=== Directions for this task ===
The following entries are to be repeated exactly, and the pictures are to be left behind.
### Data for this exercise ###
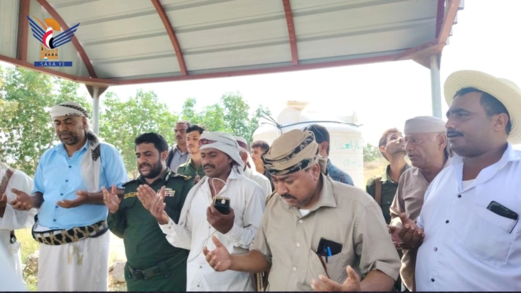 الحديدة .. قيادات محلية وتنفيذية بمديرية القناوص تزور روضة الشهداء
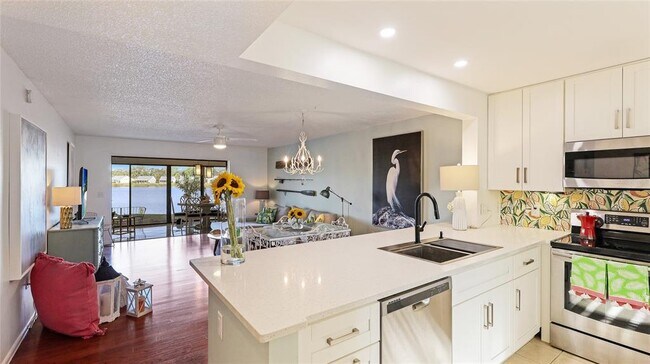 Building Photo - 307 Timber Lake Dr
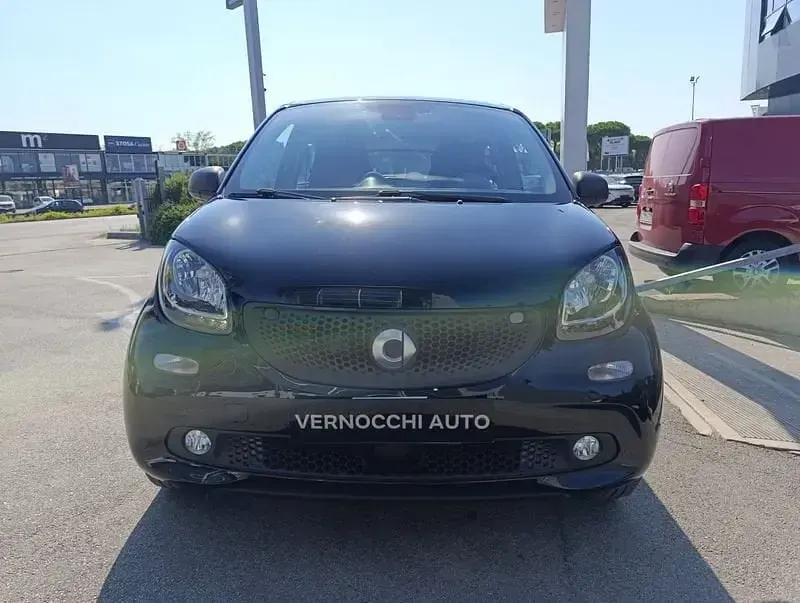 Usata Smart ForFour Passion 71 CV (52 kW) 2018 Nero Utilitaria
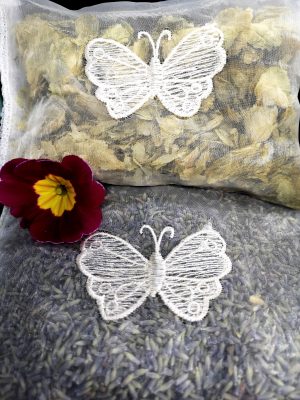 dried lavender and hops inserts with butterfly detail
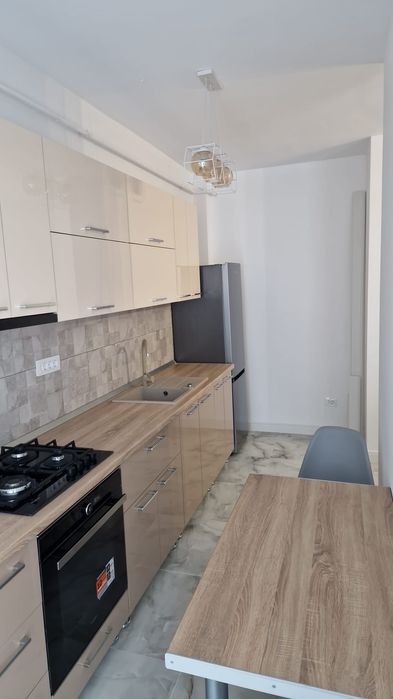 Închiriez apartament 2 camere Tomesti
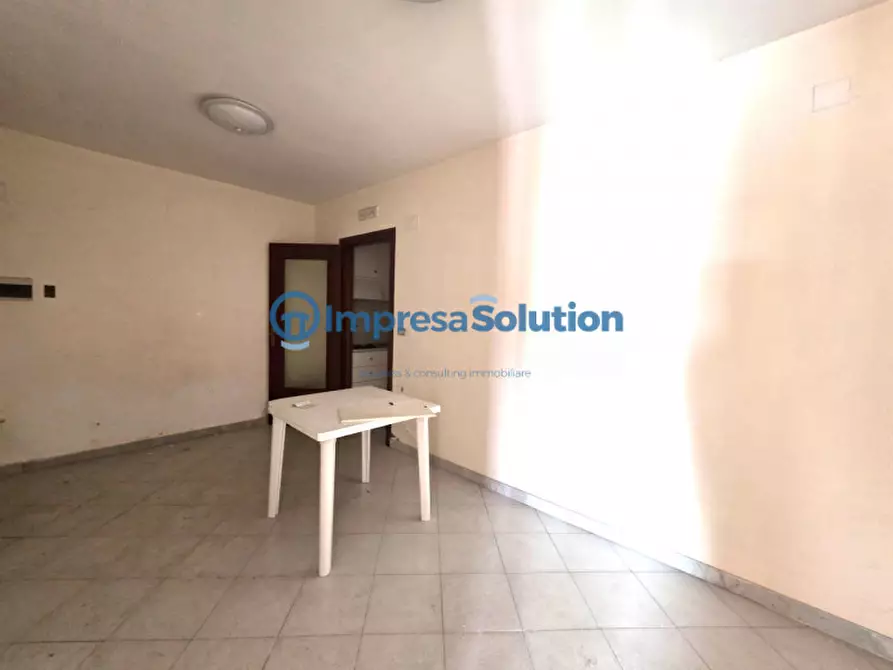 Immagine 11 di Magazzino in vendita  in Via Pisciarelli a Napoli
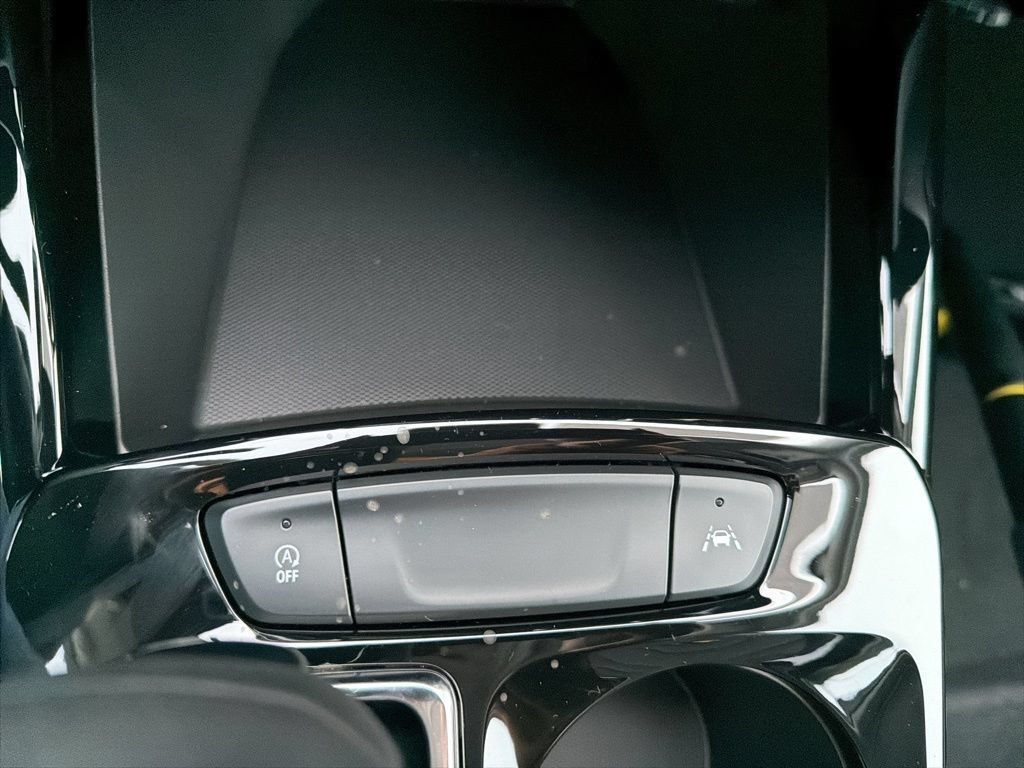 New 2026 Chevrolet Trax LT w/ Driver Confidence Package FWD image 21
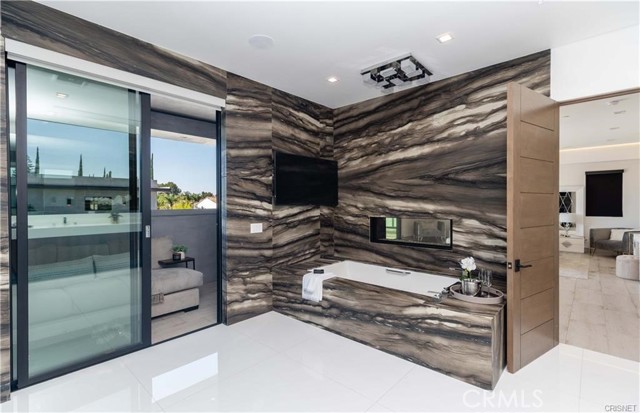 5239 Avenida Hacienda, Tarzana CA: https://media.crmls.org/medias/d1f1a95c-3abb-4aa3-804a-d13eb8873958.jpg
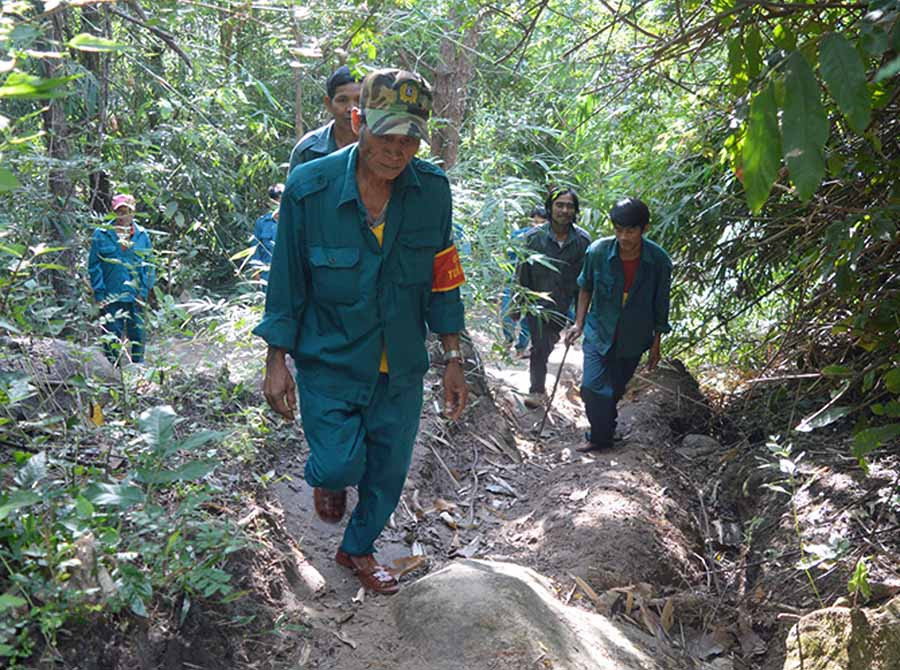  Người dân xã Ia Khươl (huyện Chư Pah) tuần tra bảo vệ rừng. Ảnh: Đ.Y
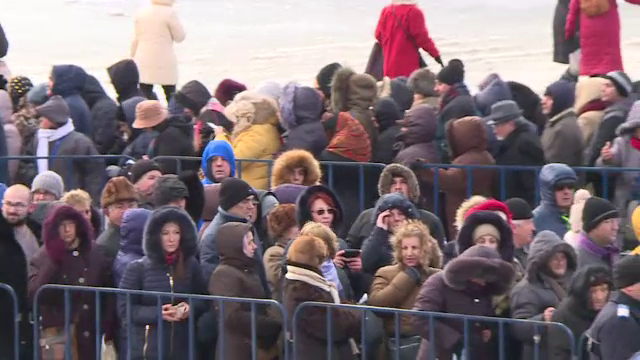Momentul în care oamenii au năvălit pentru a intra în Catedrala Mântuirii Neamului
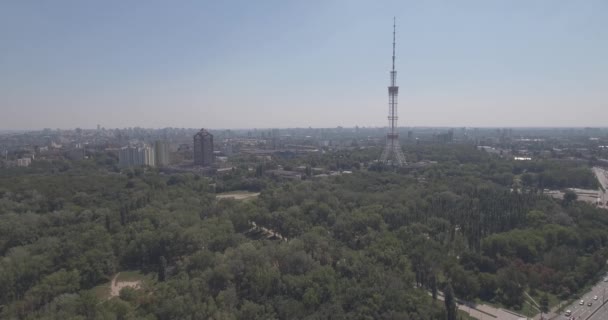 Hava Tv kulesi. TV kulesinde Kiev yakın konut ve otoyol. Dijital televizyon yayıncılığı ve gözetleme kulesi restoran şehir manzarası Kiev, Ukrayna. Yaz güneşli gün. — Stok video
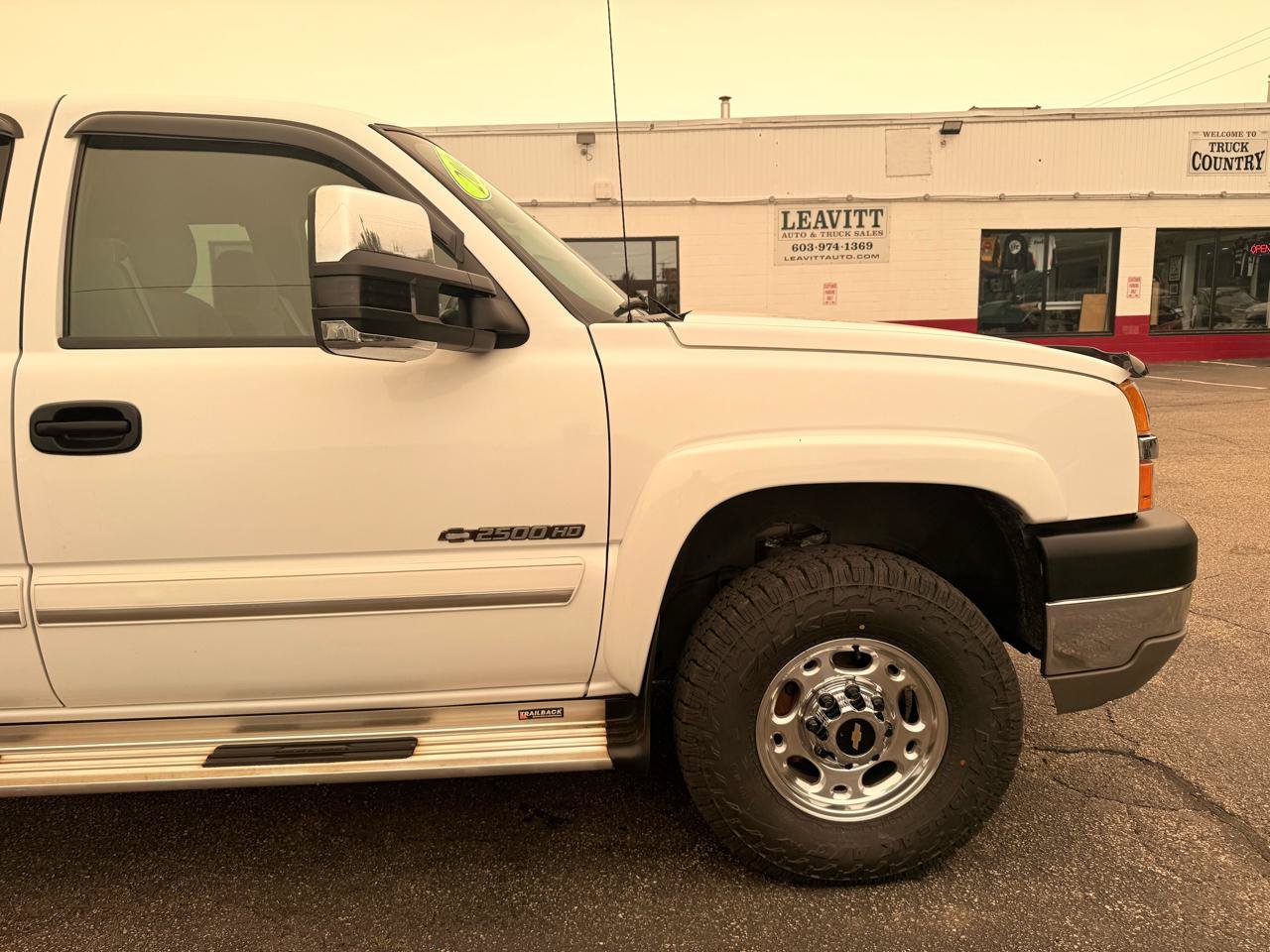 Used 2004 Chevrolet Silverado 2500 LS w/ Skid Plate Package AWD/4WD image 33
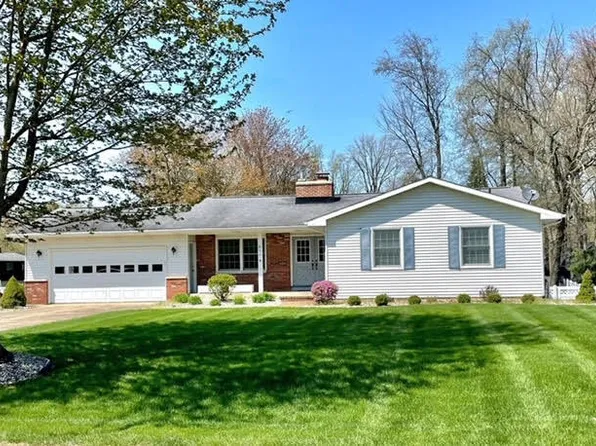 611 Barberry Ave, Portage, MI 49002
###
=== Completed task ===
 الحديدة .. قيادات محلية وتنفيذية بمديرية القناوص تزور روضة الشهداء
 Building Photo - 307 Timber Lake Dr
 Usata Smart ForFour Passion 71 CV (52 kW) 2018 Nero Utilitaria
 dried lavender and hops inserts with butterfly detail
 Închiriez apartament 2 camere Tomesti
 Immagine 11 di Magazzino in vendita  in Via Pisciarelli a Napoli
 New 2026 Chevrolet Trax LT w/ Driver Confidence Package FWD image 21
 5239 Avenida Hacienda, Tarzana CA: https://media.crmls.org/medias/d1f1a95c-3abb-4aa3-804a-d13eb8873958.jpg
  Người dân xã Ia Khươl (huyện Chư Pah) tuần tra bảo vệ rừng. Ảnh: Đ.Y
Momentul în care oamenii au năvălit pentru a intra în Catedrala Mântuirii Neamului
 Hava Tv kulesi. TV kulesinde Kiev yakın konut ve otoyol. Dijital televizyon yayıncılığı ve gözetleme kulesi restoran şehir manzarası Kiev, Ukrayna. Yaz güneşli gün. — Stok video
 Used 2004 Chevrolet Silverado 2500 LS w/ Skid Plate Package AWD/4WD image 33
 611 Barberry Ave, Portage, MI 49002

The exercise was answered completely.